Officials in the southeastern coastal town of Cox's Bazar told VOA they have moved about 40,000 Rohingya refugees from high-risk camps to safe shelters and plan to evacuate more as the monsoon floods continue.
Heavy rains force evacuations
Md Nikaruzzaman Chowdhury, the chief executive of Ukhia subdistrict, told VOA that the 200,000 refugees who settled on muddy hills of the Kutupalong refugee camp were most affected by the intensity and speed of the rain.
“The government and humanitarian agencies have already identified the Rohingyas who live on hills to evacuate them soon,” said Chowdhury.
“Kutupalong is a hilly area with a fragile soil. It was a deep forest before, but we cut down the trees to make room for refugees. We discussed the vulnerability of Kutupalong to landslides with the local government and NGOs before the rain season, and have been working to address the issue since then,” Chowdhury said.

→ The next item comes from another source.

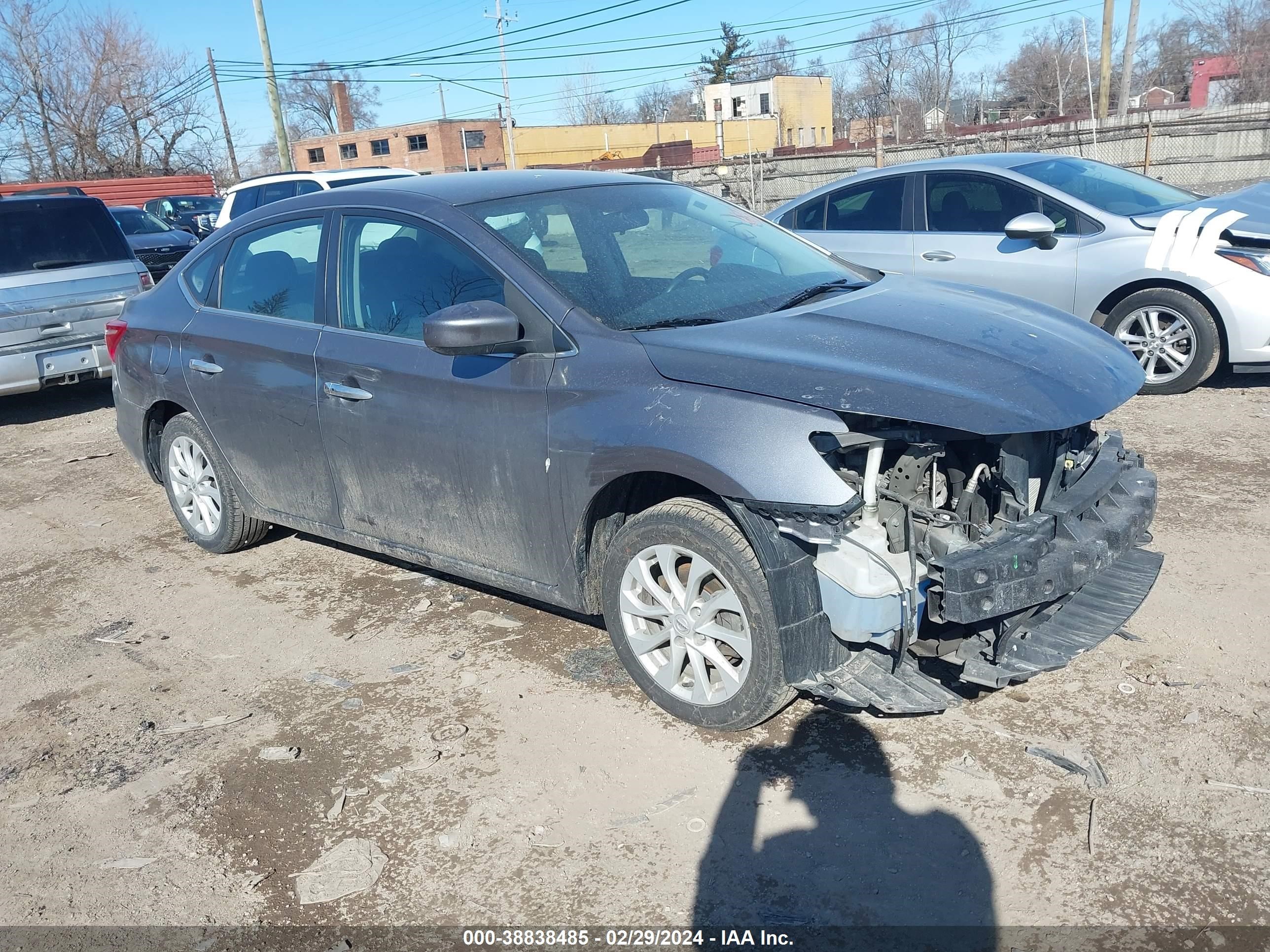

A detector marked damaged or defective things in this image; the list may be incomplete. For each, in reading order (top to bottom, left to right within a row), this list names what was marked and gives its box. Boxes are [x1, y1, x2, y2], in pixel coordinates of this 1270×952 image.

He said the refugee camps consisted of rudimentary tarpaulin-and-bamboo shanties, making them easily vulnerable to monsoon rains.
Cox’s Bazar officials say their town recorded over 500 millimeters (20 inches) of rainfall last week, with Kutupalong receiving nearly 350 millimeters (14 inches) in 24 hours last Wednesday.
WATCH: Monsoon Rains Threaten Thousands
Landslide causes damage to shelters
Last week, authorities reported five deaths in nearby communities, including one child.
Md Ali Kabir, the divisional forest officer for Cox’s Bazar South Forest, said a landslide earlier this week in one Kutupalong hill camp demolished at least five shelters and damaged 30 more. No casualties were recorded from the incident.
He estimated at least 600 settlements were affected and 500 Rohingya people were injured from landslides across Kutupalong.
Refugees who were evacuated from the hill camps told VOA the new shelters provided them safety from the storms, but they reported shortages of basic services.
Lack of utensils
Shamsul Alam, a refugee, said he and his family were given food supplies but that the new Kutupalong extension camps lacked utensils.
“We get rice here but not any facility to cook it,” said Alam, adding most refugees were tired of being moved to different camps.
“I feel I am in a kind of prison where life is very uncertain and does not point to any kind of light or hope,” he said.
Rights organizations warned that stagnant water from rainfall has also increased the risk of infectious diseases, particularly cholera among children.
WATCH: Aid and Rights Organizations Worried About Rohingya
'We are not doing enough'
Saikat Biswas, the spokesperson for the Inter Sector Coordination Group, told VOA that international organizations are trying to provide urgent aid for the affected people but cannot properly care for such a large concentration of Muslim Rohingya.
“We know that we are not doing enough. We are failing to provide the basic needs,” said Biswas.
He said members of the minority group should ultimately be allowed to safely return to Myanmar in order to end their suffering.
The Rohingya represent the largest percentage of Muslims in Myanmar, with the majority living in the west coast state of Rakhine. Their population was estimated to be around 1 million at the beginning of 2017, but the United Nations says nearly 1 million have fled into neighboring Bangladesh because of a brutal crackdown by Myanmar’s army, which claimed it was targeting terrorists.